Everything hurt, just as I recalled. She lay abandoned on the sidewalk, slumped beside a vestibule and beneath a defunct neon sign that read FREE AIR like a cruel joke. I laughed when I heard the terrier barking. The faint morning sun lit the bruises on her throat and caught in her hair. It dried her tear streaks and reflected the depth of her eyes. That heavy gauge wire, once invisibly wrapped around her limbs, now lay discarded underneath her on the grimy pavement. It was thicker than I’d imagined.
As I recalled, she lay split open, gaping, undone. From my seat I watched Mark deconstruct her. He laid her out piece by piece, beginning with the delicate fabric of her ripped dress and her long-forgotten bag, a trove of its own, continuing with her deceptively thin limbs, her bloody fingernails, her recursive scratches, her oddly unharmed breasts, until she shrank to a mere collection of items, no longer a person at all. He gently arranged her parts on the sidewalk beneath the unlit neon sign.

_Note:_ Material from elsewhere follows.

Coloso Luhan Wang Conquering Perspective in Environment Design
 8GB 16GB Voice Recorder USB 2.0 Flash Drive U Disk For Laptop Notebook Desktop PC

As I took stock of her hurts my own body ached.
Mark laid aside her dress, baring her still swollen and dripping vagina, and shot me a sidelong look. “You okay?” he offered by way of condolence. I nodded, once, silently making an inventory of her pain.
He sipped his beer thoughtfully and broke the tension by splicing in an unsuspecting dog walker, that yapping terrier in tow. I couldn’t help giggling when the dog licked her face. Without so much as a look at the gore in front of him, the dog walker gave one last yank on the terrier’s leash and fled the scene, oblivious.
“Nice,” I mouthed.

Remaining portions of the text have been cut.